= David Penberthy =

Australian journalist (born 1969)

David Penberthy (born 1969, Adelaide, South Australia) is the former editor-in-chief of News Limited news site news.com.au and the former opinion website, The Punch. He was editor of The Daily Telegraph in Sydney, Australia, from April 2005 until November 2008.

==Early life and education==
Penberthy studied a Bachelor of Arts at the University of Adelaide in the late 1980s. Initially, he had enrolled in a Bachelor of Arts and Bachelor of Laws, but he left legal studies to enter journalism.

==Career==
He was the 1990 co-editor of On Dit, the newspaper of the University's Student Association and was also President of CISCAC, the Committee in Solidarity with Central America and the Caribbean, a Marxist political club. In addition he was the energetic frontman for punk band Cerveza y Putas (Beer and Whores), which played originals and cover songs from such bands as the Pixies, Minor Threat, The Lemonheads, The Smiths and Hüsker Dü in Spanish, a language Penberthy acquired while living in Mexico in the late 1980s.

Penberthy started his career as an industrial relations reporter and then political reporter for the Adelaide-based The Advertiser, hired by then editor Peter Blunden.

In 1999 Penberthy switched to work at the Sydney-based Daily Telegraph, another newspaper in the News Limited stable. Three years into his tenure at the Telegraph he was appointed chief of staff. Later he became an opinion editor and roving columnist for the newspaper. One of Penberthy's more famous moments as a reporter with the Daily Telegraph came with his "Five Star Asylum" piece, an article headlined "The truth about how inmates are treated inside Australia's detention centres."

In 2005 Penberthy was appointed editor of the Daily Telegraph. As editor, Penberthy came under intense pressure over the publication of stories focusing on then NSW Liberal Party leader John Brogden, who was accused of making inappropriate comments to the journalist Justine Ferrari while drunk. The Daily Telegraph said there was evidence of more serious issues concerning Brogden, who later apparently tried to commit suicide.

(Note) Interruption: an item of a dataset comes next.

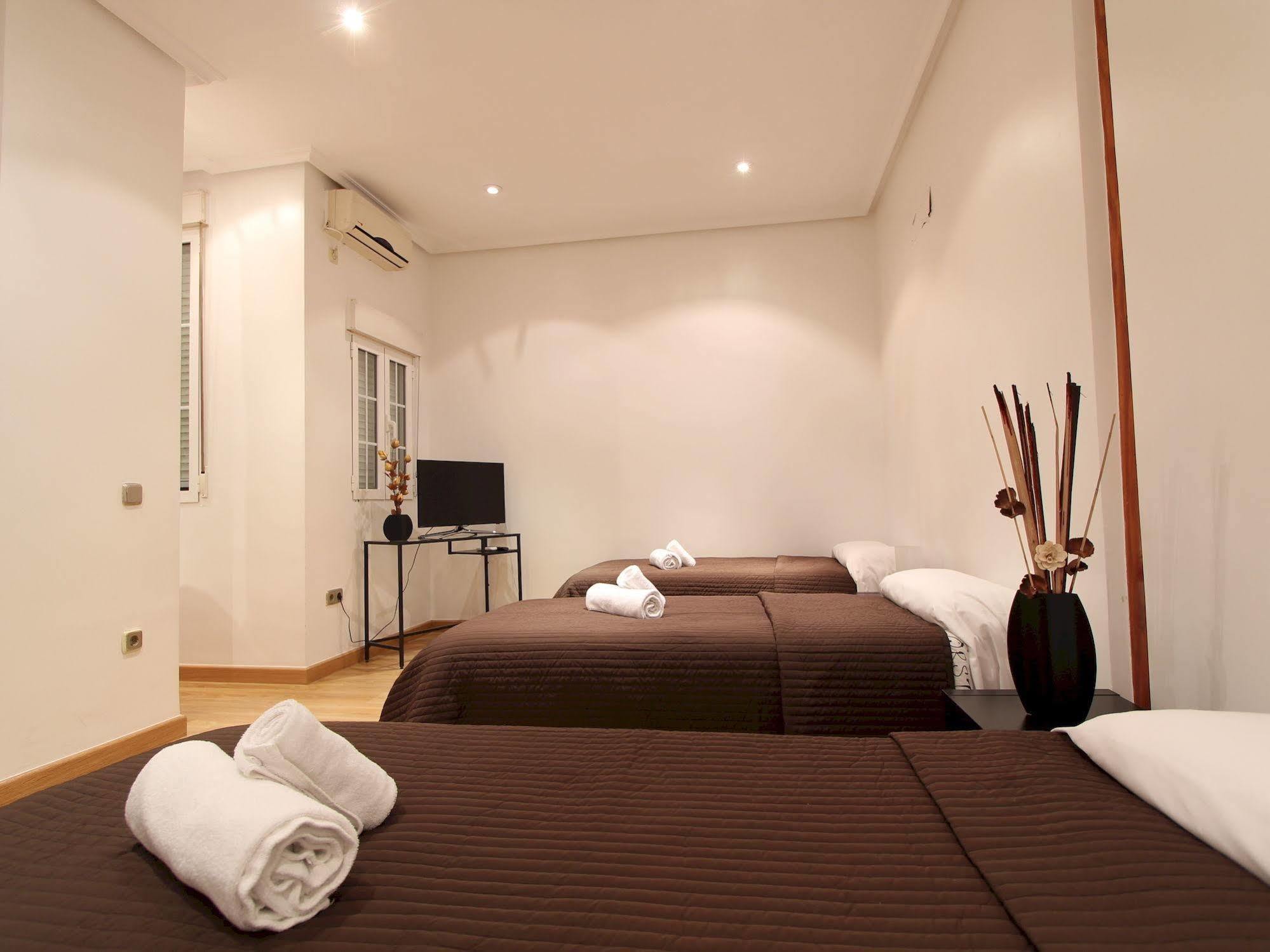 Apartamentos Good Stay Prado Madrid Extérieur photo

Penberthy resigned as editor of the Daily Telegraph in November 2008 during the newspaper's campaign for the New South Wales state government to "sack itself".

In October 2010, Penberthy was appointed the editor-in-chief of News Limited's online news site news.com.au as well as opinion website The Punch.

In 2017 Penberthy was the co-host of the Breakfast Show (6am–9am) on Adelaide talkback radio station FIVEaa alongside Will Goodings. He is also a columnist for The Australian, The Advertiser, and the Sunday Mail.

In 2025, Penberthy embellished a story about a trans athlete at a South Australian school event which led to subsequent media attacks against the child and their family. When asked why he had not published a correction to the offending article when it was shown to be false, he reportedly responded "...until now I did not know that she wanted one".

==Personal life==
In October 2010 it was reported that Penberthy had recently separated from his wife and he was romantically linked to federal MP Kate Ellis. A relationship between the two was confirmed by news reports in January 2011. They confirmed their engagement in November 2012, and were married on 23 February 2013. They had a son in April 2015. Their second son was born in July 2017.